LAST JULY 29, 7-YEAR-OLD MEGAN KANKA, AN exuberant first-grader from Hamilton Township, N.J., was walking home after playing at a friend’s house. She had almost reached her front door when Jesse Timmendequas, 33, a landscaper who had lived across the street for about a year, invited her over to pet his new puppy. When the little girl followed him inside, he led her to an upstairs bedroom, strangled her unconscious with his belt, raped her and asphyxiated her to death with a plastic bag. Timmendequas then placed Megan’s body in a toolbox, drove it in his pickup truck to a soccer field 2½ miles away and dumped it in some bushes. “Megan had a big heart; she was a great, great little girl,” says her mother, Maureen Kanka, her voice rising in anger. “And he discarded her like she was a piece of trash.”

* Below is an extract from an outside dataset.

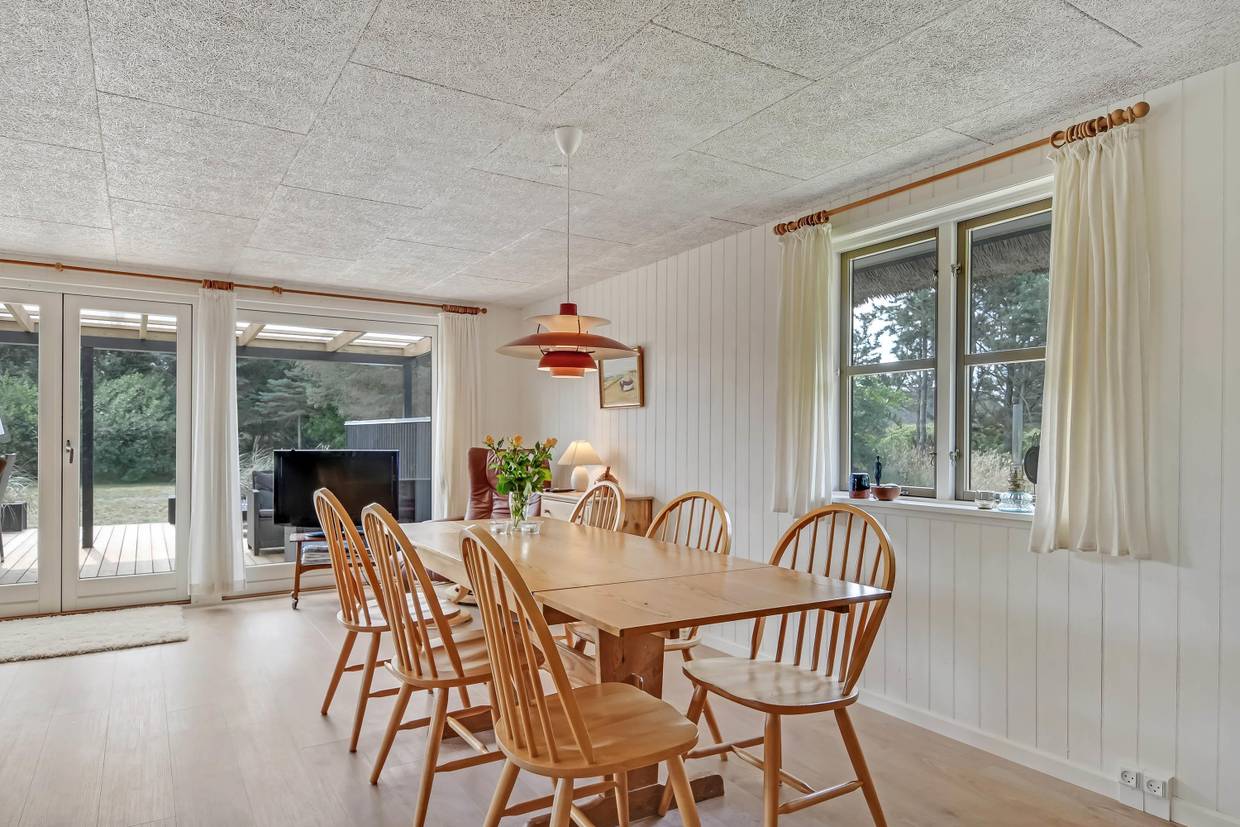 Foto von Ferienhaus XG53 in Vester Husby - Westjütland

Megan’s ghastly death sparked an explosion of outrage around the state. What made the murder especially infuriating was that unknown to the Kankas and their neighbors, Timmendequas, who confessed to the killing, had already served six years in prison for aggravated assault and attempted sexual assault of a child. What’s more, his two housemates had also done time for sex crimes. “I knew nothing about him,” says Kanka, 44. “None of us did. If I had been aware of his record, my daughter would be alive. I would never have allowed her to cross the street.”
For 16 quiet years, Kanka, a homemaker, had lived with her service-mechanic husband, Richard, 43, in what they thought was a safe enclave of modest split-level homes about 52 miles from New York City. Aside from Megan, Kanka had borne a son Jeremy, now 9, and another daughter Jessica, 12. But with Megan’s murder, the couple almost immediately transformed themselves into public figures. Joined by many of their neighbors, the Kankas led an angry grassroots campaign—replete with T-shirts, bumper stickers and pink-ribbon emblems—for tougher legislation against sex offenders. Above all, the crusade was designed to promote the right of communities to know whether sex offenders are living in their midst. Along the way, the Kankas gained a powerful ally in Gov. Christine Todd Whitman, with whom they spoke last August at an emotionally charged rally of 7,000 people, held during a thunderstorm at Hamilton Township’s Veterans Park. By October their efforts had paid off: Whitman signed a bill, hurried through the New Jersey legislature, that was known almost from the start as Megan’s Law. Among other measures, the statute mandated that all recently released sex offenders register with local police and that police, in turn, inform residents, schools and youth groups of the names and addresses of high-risk—meaning habitual or characteristically aggressive—offenders.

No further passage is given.